_Exercise prompt_: Exactly the lines from the one that contains "Kíváncsi vagy az" through the end of the material below are to be output, the first and last included.

_Extracted data_:

# # # #

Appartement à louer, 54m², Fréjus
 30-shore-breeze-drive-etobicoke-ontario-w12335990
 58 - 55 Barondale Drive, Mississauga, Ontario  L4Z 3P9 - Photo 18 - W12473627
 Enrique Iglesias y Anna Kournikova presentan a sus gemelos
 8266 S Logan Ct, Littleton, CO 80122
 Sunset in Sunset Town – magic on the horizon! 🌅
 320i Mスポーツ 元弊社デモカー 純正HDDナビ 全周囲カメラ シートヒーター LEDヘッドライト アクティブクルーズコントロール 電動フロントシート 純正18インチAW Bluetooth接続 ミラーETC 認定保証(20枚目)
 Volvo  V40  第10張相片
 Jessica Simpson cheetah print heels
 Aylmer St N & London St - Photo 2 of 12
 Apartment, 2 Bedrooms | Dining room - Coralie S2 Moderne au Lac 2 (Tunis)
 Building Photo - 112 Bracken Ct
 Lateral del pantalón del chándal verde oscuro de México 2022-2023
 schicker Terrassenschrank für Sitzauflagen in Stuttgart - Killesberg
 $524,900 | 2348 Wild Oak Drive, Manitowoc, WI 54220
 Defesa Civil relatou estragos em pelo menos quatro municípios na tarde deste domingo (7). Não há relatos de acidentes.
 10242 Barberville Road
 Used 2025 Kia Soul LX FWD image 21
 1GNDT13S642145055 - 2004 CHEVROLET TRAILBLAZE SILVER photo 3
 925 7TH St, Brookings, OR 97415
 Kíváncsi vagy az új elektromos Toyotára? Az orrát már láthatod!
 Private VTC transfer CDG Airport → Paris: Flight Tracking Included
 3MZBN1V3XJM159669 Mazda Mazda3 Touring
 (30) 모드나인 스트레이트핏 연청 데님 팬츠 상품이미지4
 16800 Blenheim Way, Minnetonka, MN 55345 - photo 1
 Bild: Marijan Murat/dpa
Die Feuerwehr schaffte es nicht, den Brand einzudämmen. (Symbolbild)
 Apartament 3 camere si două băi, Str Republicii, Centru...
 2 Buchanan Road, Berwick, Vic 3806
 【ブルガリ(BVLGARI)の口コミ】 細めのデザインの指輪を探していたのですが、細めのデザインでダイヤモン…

# # # #

_Response to the task_:
 Kíváncsi vagy az új elektromos Toyotára? Az orrát már láthatod!
 Private VTC transfer CDG Airport → Paris: Flight Tracking Included
 3MZBN1V3XJM159669 Mazda Mazda3 Touring
 (30) 모드나인 스트레이트핏 연청 데님 팬츠 상품이미지4
 16800 Blenheim Way, Minnetonka, MN 55345 - photo 1
 Bild: Marijan Murat/dpa
Die Feuerwehr schaffte es nicht, den Brand einzudämmen. (Symbolbild)
 Apartament 3 camere si două băi, Str Republicii, Centru...
 2 Buchanan Road, Berwick, Vic 3806
 【ブルガリ(BVLGARI)の口コミ】 細めのデザインの指輪を探していたのですが、細めのデザインでダイヤモン…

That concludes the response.